- **EXERCISE INSTRUCTIONS**
Output, word for word, the lines of this listing that fall between the line with "Telly the Teaching" and the line with "Душевой уголок Ambassador", counting both of those lines, and no others.

BEGIN INFORMATION SHOWN

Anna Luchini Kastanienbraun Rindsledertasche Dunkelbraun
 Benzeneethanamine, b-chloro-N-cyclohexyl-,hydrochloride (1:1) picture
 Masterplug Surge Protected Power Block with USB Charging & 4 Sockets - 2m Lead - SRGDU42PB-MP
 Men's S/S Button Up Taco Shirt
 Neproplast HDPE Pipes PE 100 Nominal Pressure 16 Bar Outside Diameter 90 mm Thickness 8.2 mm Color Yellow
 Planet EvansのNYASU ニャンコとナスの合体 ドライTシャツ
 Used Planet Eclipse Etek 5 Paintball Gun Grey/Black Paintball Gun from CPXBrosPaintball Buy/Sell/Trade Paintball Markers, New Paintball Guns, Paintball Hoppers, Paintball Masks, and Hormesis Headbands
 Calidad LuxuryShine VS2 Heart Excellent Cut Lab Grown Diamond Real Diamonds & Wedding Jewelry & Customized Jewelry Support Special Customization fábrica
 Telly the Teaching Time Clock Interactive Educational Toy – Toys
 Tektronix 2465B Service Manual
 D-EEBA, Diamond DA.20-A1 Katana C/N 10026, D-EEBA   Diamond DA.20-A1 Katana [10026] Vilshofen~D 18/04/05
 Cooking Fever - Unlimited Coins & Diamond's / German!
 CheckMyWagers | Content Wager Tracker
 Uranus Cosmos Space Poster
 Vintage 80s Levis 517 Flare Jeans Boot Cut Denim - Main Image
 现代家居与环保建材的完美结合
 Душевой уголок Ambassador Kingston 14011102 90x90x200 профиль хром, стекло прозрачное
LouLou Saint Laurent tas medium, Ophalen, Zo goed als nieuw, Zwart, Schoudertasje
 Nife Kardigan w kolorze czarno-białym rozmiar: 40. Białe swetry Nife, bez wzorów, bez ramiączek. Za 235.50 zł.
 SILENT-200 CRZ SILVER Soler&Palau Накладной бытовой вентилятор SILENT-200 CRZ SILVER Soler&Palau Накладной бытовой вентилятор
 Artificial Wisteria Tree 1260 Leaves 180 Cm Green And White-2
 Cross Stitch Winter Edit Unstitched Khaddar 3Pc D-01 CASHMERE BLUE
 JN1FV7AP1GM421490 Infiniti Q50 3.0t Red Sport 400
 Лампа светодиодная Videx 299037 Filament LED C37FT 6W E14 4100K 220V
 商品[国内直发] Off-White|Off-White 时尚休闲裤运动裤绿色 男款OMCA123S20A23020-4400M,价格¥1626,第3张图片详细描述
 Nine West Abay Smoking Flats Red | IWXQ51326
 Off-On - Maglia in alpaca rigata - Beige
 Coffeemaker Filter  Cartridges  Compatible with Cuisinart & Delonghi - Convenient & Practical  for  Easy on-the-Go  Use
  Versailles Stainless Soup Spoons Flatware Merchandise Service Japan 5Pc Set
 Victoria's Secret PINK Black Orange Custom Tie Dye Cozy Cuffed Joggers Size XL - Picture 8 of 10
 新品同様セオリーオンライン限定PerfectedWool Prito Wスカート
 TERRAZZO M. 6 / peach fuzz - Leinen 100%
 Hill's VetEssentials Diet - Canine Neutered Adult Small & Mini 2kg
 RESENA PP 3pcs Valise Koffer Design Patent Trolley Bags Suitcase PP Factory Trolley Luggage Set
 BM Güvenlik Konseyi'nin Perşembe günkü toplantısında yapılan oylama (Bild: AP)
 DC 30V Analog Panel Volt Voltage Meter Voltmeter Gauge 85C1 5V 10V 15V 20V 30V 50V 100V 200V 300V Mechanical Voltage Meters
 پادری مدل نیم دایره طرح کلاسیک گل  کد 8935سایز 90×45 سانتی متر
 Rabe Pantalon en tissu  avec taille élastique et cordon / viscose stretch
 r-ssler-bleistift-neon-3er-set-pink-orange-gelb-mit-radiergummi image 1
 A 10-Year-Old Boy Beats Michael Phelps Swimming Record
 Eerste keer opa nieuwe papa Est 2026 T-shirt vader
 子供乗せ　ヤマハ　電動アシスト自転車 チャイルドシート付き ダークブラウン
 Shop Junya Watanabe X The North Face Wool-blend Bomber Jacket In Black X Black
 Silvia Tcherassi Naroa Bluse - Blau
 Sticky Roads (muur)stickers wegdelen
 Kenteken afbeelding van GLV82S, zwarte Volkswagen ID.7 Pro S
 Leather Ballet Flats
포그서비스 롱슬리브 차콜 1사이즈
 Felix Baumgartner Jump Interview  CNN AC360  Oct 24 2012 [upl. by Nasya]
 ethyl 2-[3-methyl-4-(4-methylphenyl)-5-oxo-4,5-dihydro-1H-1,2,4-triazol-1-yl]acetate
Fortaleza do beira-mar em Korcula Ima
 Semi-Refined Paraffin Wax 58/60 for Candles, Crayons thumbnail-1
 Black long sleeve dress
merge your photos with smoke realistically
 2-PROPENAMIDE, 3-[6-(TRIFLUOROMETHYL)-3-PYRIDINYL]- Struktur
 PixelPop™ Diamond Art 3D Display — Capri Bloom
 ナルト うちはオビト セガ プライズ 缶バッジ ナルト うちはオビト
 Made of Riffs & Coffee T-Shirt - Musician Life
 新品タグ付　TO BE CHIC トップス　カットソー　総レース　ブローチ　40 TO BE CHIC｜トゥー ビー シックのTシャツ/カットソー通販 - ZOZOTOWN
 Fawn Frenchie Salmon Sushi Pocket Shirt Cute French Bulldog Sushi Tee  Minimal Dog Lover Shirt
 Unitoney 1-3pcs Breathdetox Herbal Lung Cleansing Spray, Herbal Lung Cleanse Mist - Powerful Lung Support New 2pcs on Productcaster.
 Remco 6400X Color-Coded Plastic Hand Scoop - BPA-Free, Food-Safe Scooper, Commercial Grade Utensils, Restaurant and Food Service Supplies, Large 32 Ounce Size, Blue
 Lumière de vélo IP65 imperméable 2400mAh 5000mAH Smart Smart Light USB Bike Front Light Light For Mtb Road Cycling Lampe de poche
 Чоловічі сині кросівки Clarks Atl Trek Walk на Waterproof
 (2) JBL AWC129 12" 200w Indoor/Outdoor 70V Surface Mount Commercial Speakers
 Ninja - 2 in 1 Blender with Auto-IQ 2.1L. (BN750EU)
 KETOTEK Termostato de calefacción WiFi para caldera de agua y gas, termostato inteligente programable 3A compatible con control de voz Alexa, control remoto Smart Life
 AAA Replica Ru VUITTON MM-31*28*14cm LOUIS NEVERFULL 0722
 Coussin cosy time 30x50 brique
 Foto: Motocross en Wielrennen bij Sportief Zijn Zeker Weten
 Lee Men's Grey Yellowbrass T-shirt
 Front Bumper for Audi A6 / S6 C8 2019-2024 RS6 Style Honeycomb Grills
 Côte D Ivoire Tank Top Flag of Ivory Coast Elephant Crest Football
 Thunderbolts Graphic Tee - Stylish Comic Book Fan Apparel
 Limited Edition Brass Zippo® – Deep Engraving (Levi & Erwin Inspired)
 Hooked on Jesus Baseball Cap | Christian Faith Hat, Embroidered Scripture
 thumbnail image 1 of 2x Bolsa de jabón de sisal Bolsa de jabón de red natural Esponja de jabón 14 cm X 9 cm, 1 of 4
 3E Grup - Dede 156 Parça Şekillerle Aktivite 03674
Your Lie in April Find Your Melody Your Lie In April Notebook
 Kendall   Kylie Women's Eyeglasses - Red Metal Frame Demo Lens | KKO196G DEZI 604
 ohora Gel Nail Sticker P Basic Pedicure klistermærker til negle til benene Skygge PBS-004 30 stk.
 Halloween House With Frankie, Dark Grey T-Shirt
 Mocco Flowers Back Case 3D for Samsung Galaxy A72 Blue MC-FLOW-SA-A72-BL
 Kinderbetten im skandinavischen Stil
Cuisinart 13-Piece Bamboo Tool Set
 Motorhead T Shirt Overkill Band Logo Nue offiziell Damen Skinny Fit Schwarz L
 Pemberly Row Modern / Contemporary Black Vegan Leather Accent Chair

END INFORMATION SHOWN

- **RESULT OF THE EXERCISE**
 Telly the Teaching Time Clock Interactive Educational Toy – Toys
 Tektronix 2465B Service Manual
 D-EEBA, Diamond DA.20-A1 Katana C/N 10026, D-EEBA   Diamond DA.20-A1 Katana [10026] Vilshofen~D 18/04/05
 Cooking Fever - Unlimited Coins & Diamond's / German!
 CheckMyWagers | Content Wager Tracker
 Uranus Cosmos Space Poster
 Vintage 80s Levis 517 Flare Jeans Boot Cut Denim - Main Image
 现代家居与环保建材的完美结合
 Душевой уголок Ambassador Kingston 14011102 90x90x200 профиль хром, стекло прозрачное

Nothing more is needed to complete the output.